10. The method of claim 9, wherein evaluating the electronic training content vectors and the driver behavior data vectors to identify training content of the electronic training content relevant to the driver comprises:

calculating distances between the electronic training content vectors and the driver behavior data vectors based on a value of each dimension of the electronic training content vectors and a value of each dimension of the driver behavior data vectors; and

identifying content based on the calculated distances.

11. The method of claim 10, wherein evaluating the electronic training content vectors and the driver behavior data vectors to identify training content of the electronic training content relevant to the driver further comprises assigning a weight to at least one dimension of the driver behavior data vectors.

12. The method of claim 10, wherein evaluating the electronic training content vectors and the driver behavior data vectors to identify training content of the electronic training content relevant to the driver further comprises assigning a weight to at least one dimension of the electronic training content vectors.

13. The method of claim 1, wherein the electronic training content vectors and the driver behavior data vectors.

14. The method of claim 1, wherein evaluating the electronic training content vectors and the driver behavior data vectors comprises determining that one of the electronic training content vectors is correlated with one of the driver behavior data vectors.

15. The method of claim 14, wherein the identified training content comprises the electronic training content of the electronic training content vector that is correlated with one of the driver behavior data vectors.
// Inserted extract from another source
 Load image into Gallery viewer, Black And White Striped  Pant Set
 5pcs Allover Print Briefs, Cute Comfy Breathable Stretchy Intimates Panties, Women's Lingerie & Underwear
16. The method of claim 1, further comprising:

receiving feedback of a performance of the driver of the provided training assignment;

reevaluating the electronic training content vectors and the driver behavior data vectors to identify additional training content relevant to the driver based on the feedback;

generating a new training assignment based on the identified additional training content; and

providing the new training assignment to the driver.

17. The method of claim 16, wherein generating the new training assignment based on the identified additional training content comprises including at least one identified training content document in the training assignment.

18. The method of claim 16, wherein the identified additional training content comprises a portion of the identified training content.

19. The method of claim 1, wherein the driver behavior data comprises one of:

a motor vehicle report;

a telematics event datapoint;

a claim datapoint;

a court datapoint; or

a combination thereof.

20. A system for assigning content to a driver, comprising:

a server operable to:

receive electronic training content; and

receive driver behavior data associated with the driver,

wherein the server comprises:

a natural language processor operable to process the electronic training content to produce tokenized electronic training content, and process the driver behavior data to produce tokenized driver behavior data;

a document analysis processor operable to process the tokenized electronic training content to produce electronic training content vectors, and process the tokenized driver behavior data to produce driver behavior data vectors; and

a training assignment processor operable:

to evaluate the electronic training content vectors and the driver behavior data vectors to identify training content of the electronic training content relevant to the driver; and

generate a training assignment based on the identified training content;

wherein the server is further operable to provide the training assignment to the driver.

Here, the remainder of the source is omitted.